__Your assignment__: Output only the lines below from the one holding "Composite APIs are" down to the one holding "This setting that", both end lines included and every picture dropped.

__Given data__:
_____
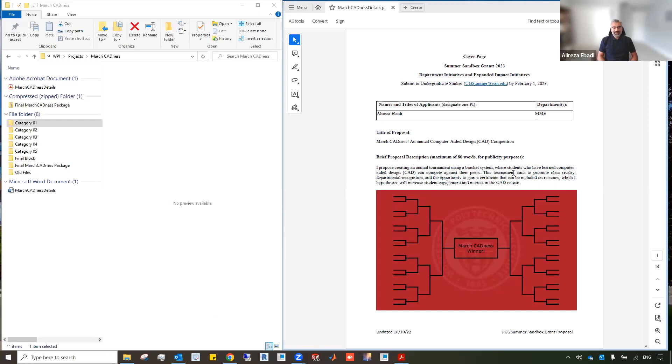I've tested this competition on a smaller scale in my classes. I've found that students really like this competition. It increases their engagement and level of interest in the topic. So I thought it would be appropriate to design a larger scale competition for a university-based event.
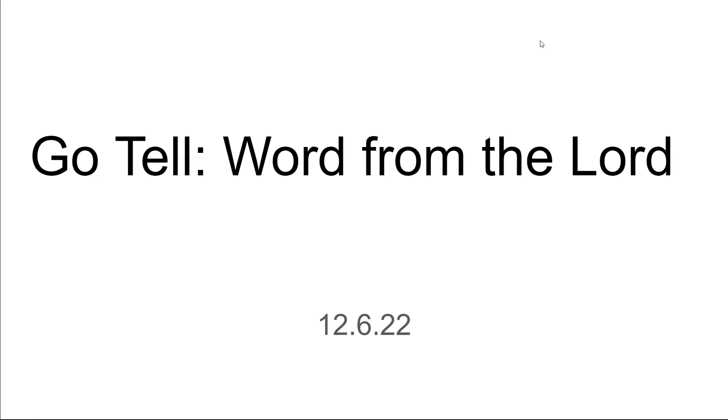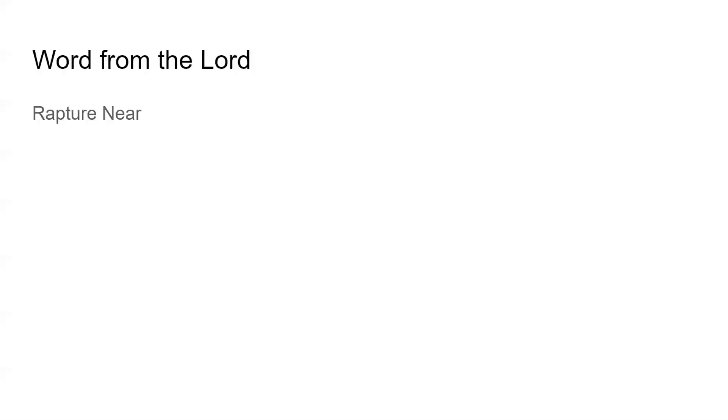All right you guys, sorry for a little bit of sound disturbance. I have a guest, so let's go ahead and get started. The word that the Lord gave me is Rapture Near. We had this one maybe two months ago, so we're having it again. The Lord said rapture near very clear. He told me to go tell it.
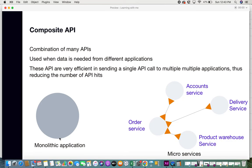Composite APIs are not only for microservices. Even monolithic applications sometimes need information from third-party applications. For example, a travel agency website may be monolithic but it requires airline information from multiple airline services. Rather than sending individual API calls to each, you can use composite APIs to gather that third-party information as well.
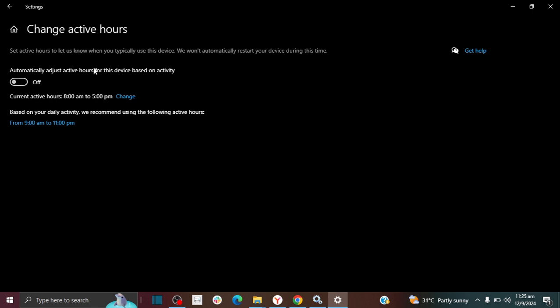This setting that says 'automatically adjusted for you,' I wouldn't select that option. I would just go in and change it manually because Windows might automatically adjust it themselves and choose inactive hours for you. And then it turns out to be actually time when you're actually active and they update your computer and you lose your stuff in the middle of work and you don't want that to happen.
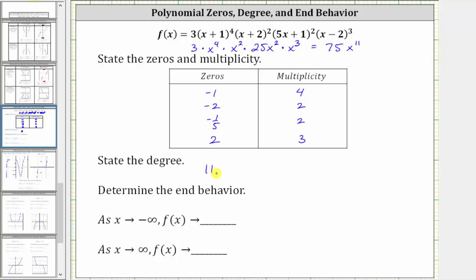We are also asked to determine the end behavior of the polynomial function. The end behavior of the given polynomial is the same as the end behavior of the power function g of x equals 75x raised to the power of 11. We can determine the end behavior by knowing the leading coefficient is positive (75) and the degree is odd (11).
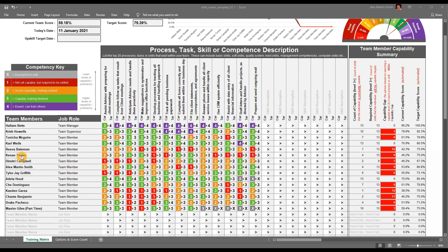If we look at someone else within the matrix — for example, Tyler J — Tyler J is currently level one in assist advisor with preparing for client meetings. But the team manager has allocated a target expectation or proficiency expectation of level two. This is a fluid report. As a team manager, you're constantly addressing skills shortages and moving the team iteratively in terms of its performance. Tyler J is currently capable in six of the 13 skills that exist within the team.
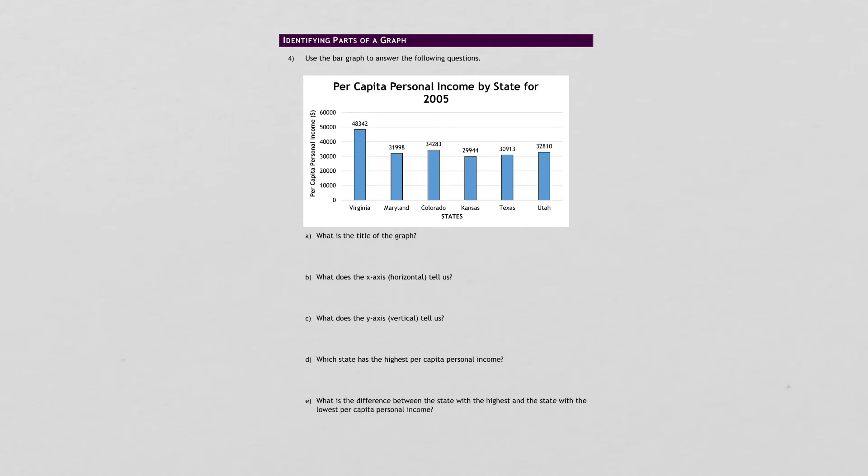What's the title? You can find that. What does the x-axis tell us? There it is. What does the y-axis tell us? There it is. Which state has the highest per capita personal income? You'll look for the tallest bar.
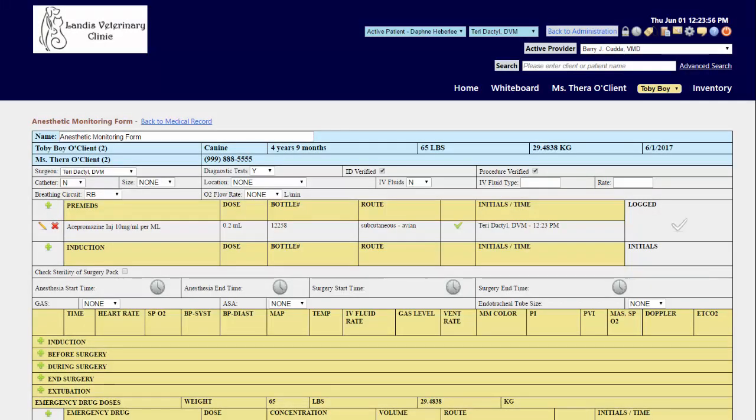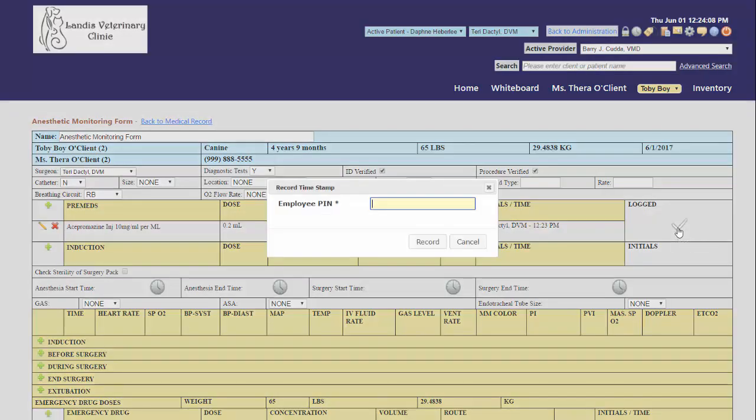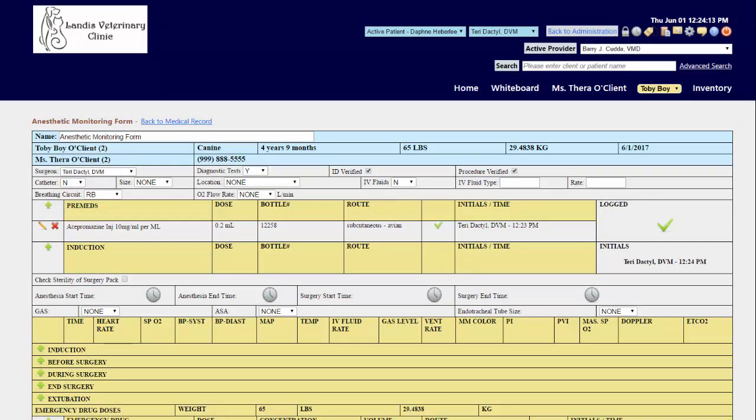Once all pre-med and injection drugs have been given and the patient is good to begin surgery, click on the check mark under logged to indicate that you have given approval for surgery. Again, enter in your PIN number and click record.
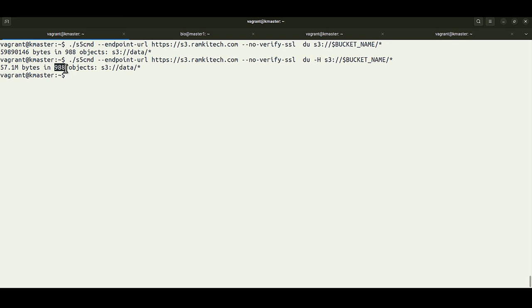Besides s5cmd, you can use any S3-compatible client such as s3cmd (requires Python) or GUI tools. That concludes this video. In the next video we will connect a Java Spring application to the object storage both externally and from inside a pod. We will also cover more detailed object storage topics and do a comparison study with MinIO, another popular community object storage solution.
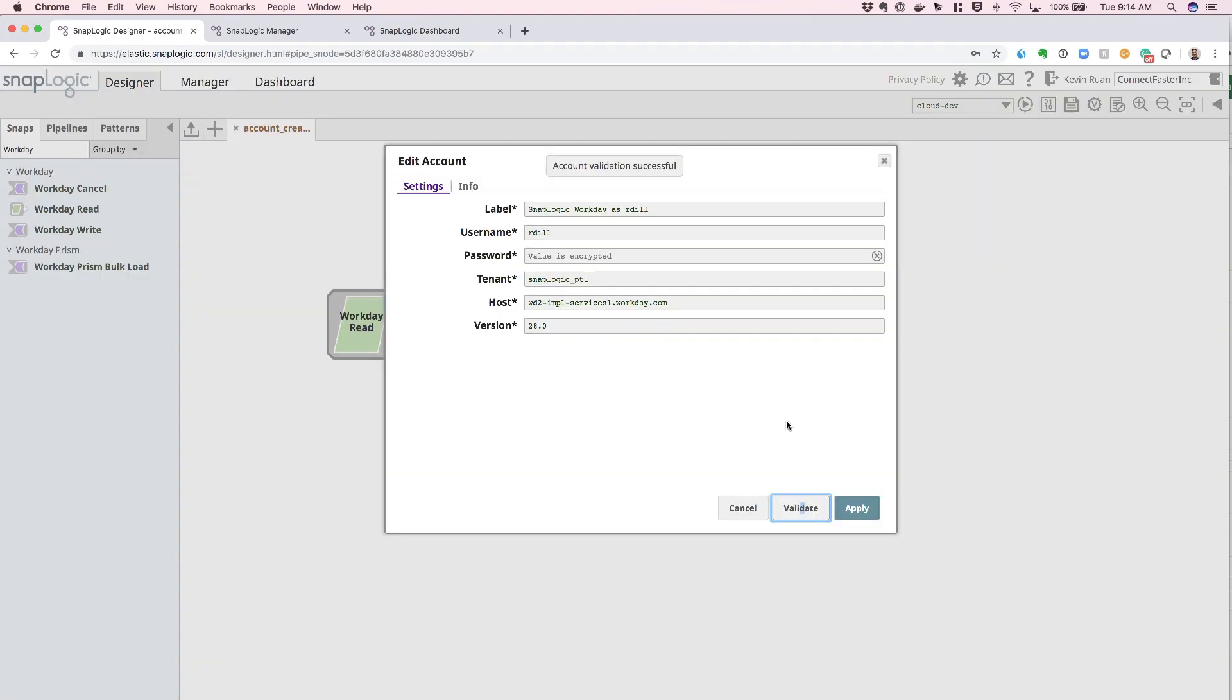If it's successful, we will see the Account Validated icon pop up on the top of the screen.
_____
__Exercise answer__:
Composite APIs are not only for microservices. Even monolithic applications sometimes need information from third-party applications. For example, a travel agency website may be monolithic but it requires airline information from multiple airline services. Rather than sending individual API calls to each, you can use composite APIs to gather that third-party information as well.
This setting that says 'automatically adjusted for you,' I wouldn't select that option. I would just go in and change it manually because Windows might automatically adjust it themselves and choose inactive hours for you. And then it turns out to be actually time when you're actually active and they update your computer and you lose your stuff in the middle of work and you don't want that to happen.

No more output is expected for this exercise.